I'm using Python 2.7 and NumPy 1.11.2, as well as the latest versions of dill ( I just did the pip install dill
) , on Ubuntu 16.04.
When storing a NumPy array using pickle, I find that pickle is very slow, and stores arrays at almost three times the 'necessary' size.
For example, in the following code, pickle is approximately 50 times slower (1s versus 50s), and creates a file that is 2.2GB instead of 800MB.
import numpy
import pickle
import dill
B=numpy.random.rand(10000,10000)
with open('dill','wb') as fp:
dill.dump(B,fp)
with open('pickle','wb') as fp:
pickle.dump(B,fp)
I thought dill was just a wrapper around pickle. If this is true, is there a way that I can improve the performance of pickle myself? Is it generally not advisable to use pickle for NumPy arrays?
EDIT: Using Python3, I get the same performance for pickle
and dill
PS: I know about numpy.save
, but I am working in a framework where I store lots of different objects, all residing in a dictionary, to a file.
NumPy Arrays are faster than Python Lists because of the following reasons: An array is a collection of homogeneous data-types that are stored in contiguous memory locations. On the other hand, a list in Python is a collection of heterogeneous data types stored in non-contiguous memory locations.
quickle is a fast and small serialization format for a subset of Python types.
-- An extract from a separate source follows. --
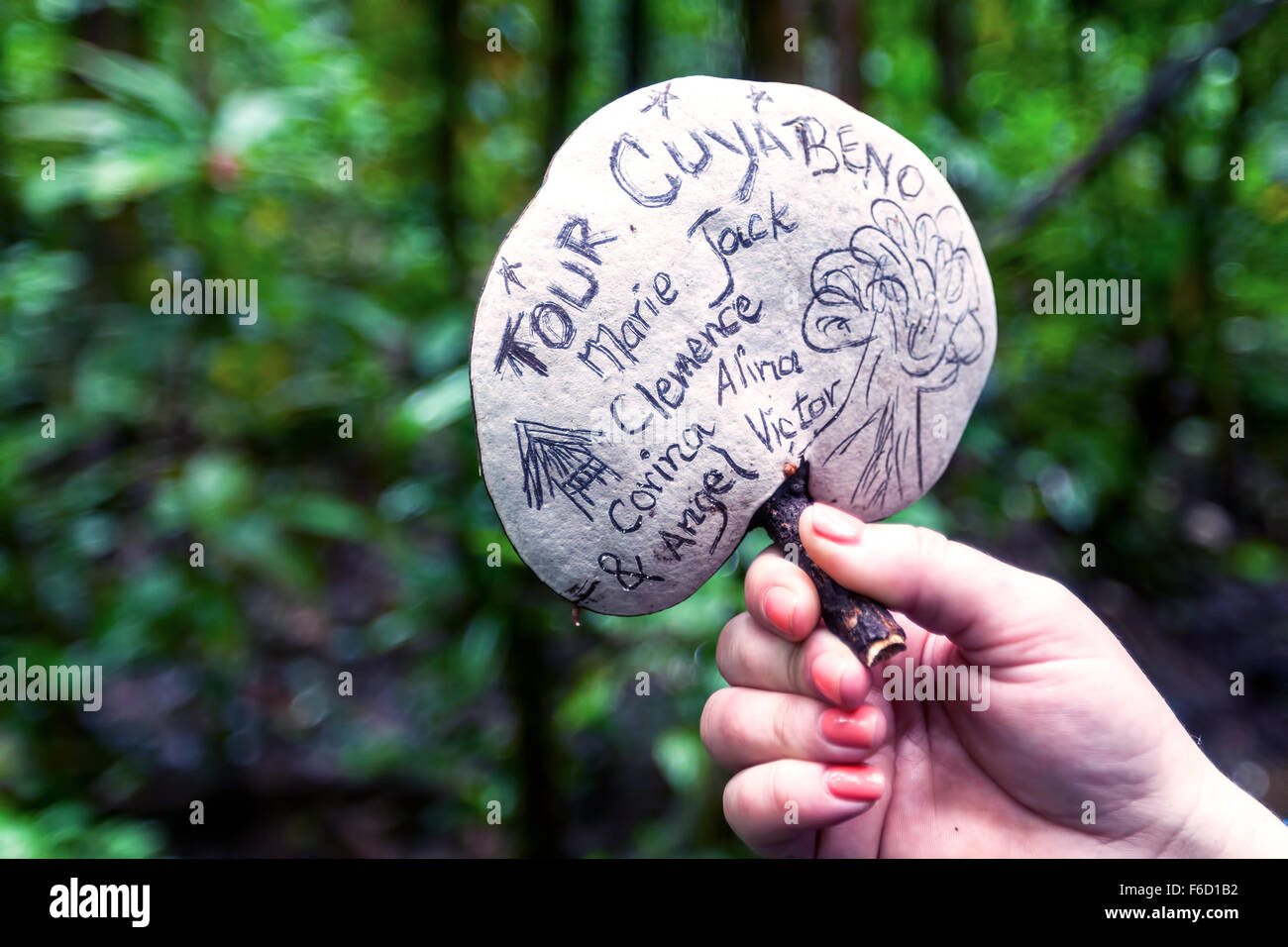 Giant White Mushroom, Cuyabeno National Park, South America Stock Photo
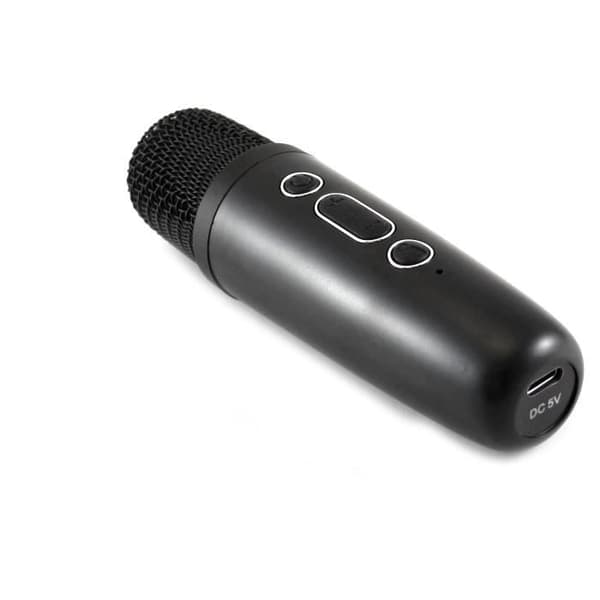 Karaoke-kaiutin + langaton mikrofoni - Bluetooth - Valaistu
It's based off of Pickle, but includes several optimizations and extensions to provide improved performance and security. For supported types, serializing a message with quickle can be ~2-10x faster than using pickle .
dill provides the user the same interface as the pickle module, and also includes some additional features. In addition to pickling python objects, dill provides the ability to save the state of an interpreter session in a single command.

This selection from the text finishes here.